**Work task:** Type out the data again. Keep every line exactly the same.

::: Records shown :::

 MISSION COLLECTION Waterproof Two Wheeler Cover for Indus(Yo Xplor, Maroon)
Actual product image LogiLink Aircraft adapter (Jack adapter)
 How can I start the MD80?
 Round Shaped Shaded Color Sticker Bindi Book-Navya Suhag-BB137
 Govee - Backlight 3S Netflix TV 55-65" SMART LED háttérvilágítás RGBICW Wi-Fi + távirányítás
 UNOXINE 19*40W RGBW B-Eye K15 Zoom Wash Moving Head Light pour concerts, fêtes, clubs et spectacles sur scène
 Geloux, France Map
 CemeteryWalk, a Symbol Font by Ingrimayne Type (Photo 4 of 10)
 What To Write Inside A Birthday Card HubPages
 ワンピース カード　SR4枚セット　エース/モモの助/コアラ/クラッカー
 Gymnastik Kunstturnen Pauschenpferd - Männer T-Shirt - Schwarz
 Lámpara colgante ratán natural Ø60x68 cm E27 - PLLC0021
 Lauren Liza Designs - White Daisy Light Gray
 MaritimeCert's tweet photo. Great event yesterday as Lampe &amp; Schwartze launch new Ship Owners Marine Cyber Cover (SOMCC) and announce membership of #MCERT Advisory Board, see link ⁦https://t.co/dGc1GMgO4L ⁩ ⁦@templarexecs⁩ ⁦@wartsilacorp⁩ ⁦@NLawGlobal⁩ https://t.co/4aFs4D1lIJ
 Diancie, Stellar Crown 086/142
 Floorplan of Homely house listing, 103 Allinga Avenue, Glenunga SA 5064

:::

**Response area:**
 MISSION COLLECTION Waterproof Two Wheeler Cover for Indus(Yo Xplor, Maroon)
Actual product image LogiLink Aircraft adapter (Jack adapter)
 How can I start the MD80?
 Round Shaped Shaded Color Sticker Bindi Book-Navya Suhag-BB137
 Govee - Backlight 3S Netflix TV 55-65" SMART LED háttérvilágítás RGBICW Wi-Fi + távirányítás
 UNOXINE 19*40W RGBW B-Eye K15 Zoom Wash Moving Head Light pour concerts, fêtes, clubs et spectacles sur scène
 Geloux, France Map
 CemeteryWalk, a Symbol Font by Ingrimayne Type (Photo 4 of 10)
 What To Write Inside A Birthday Card HubPages
 ワンピース カード　SR4枚セット　エース/モモの助/コアラ/クラッカー
 Gymnastik Kunstturnen Pauschenpferd - Männer T-Shirt - Schwarz
 Lámpara colgante ratán natural Ø60x68 cm E27 - PLLC0021
 Lauren Liza Designs - White Daisy Light Gray
 MaritimeCert's tweet photo. Great event yesterday as Lampe &amp; Schwartze launch new Ship Owners Marine Cyber Cover (SOMCC) and announce membership of #MCERT Advisory Board, see link ⁦https://t.co/dGc1GMgO4L ⁩ ⁦@templarexecs⁩ ⁦@wartsilacorp⁩ ⁦@NLawGlobal⁩ https://t.co/4aFs4D1lIJ
 Diancie, Stellar Crown 086/142
 Floorplan of Homely house listing, 103 Allinga Avenue, Glenunga SA 5064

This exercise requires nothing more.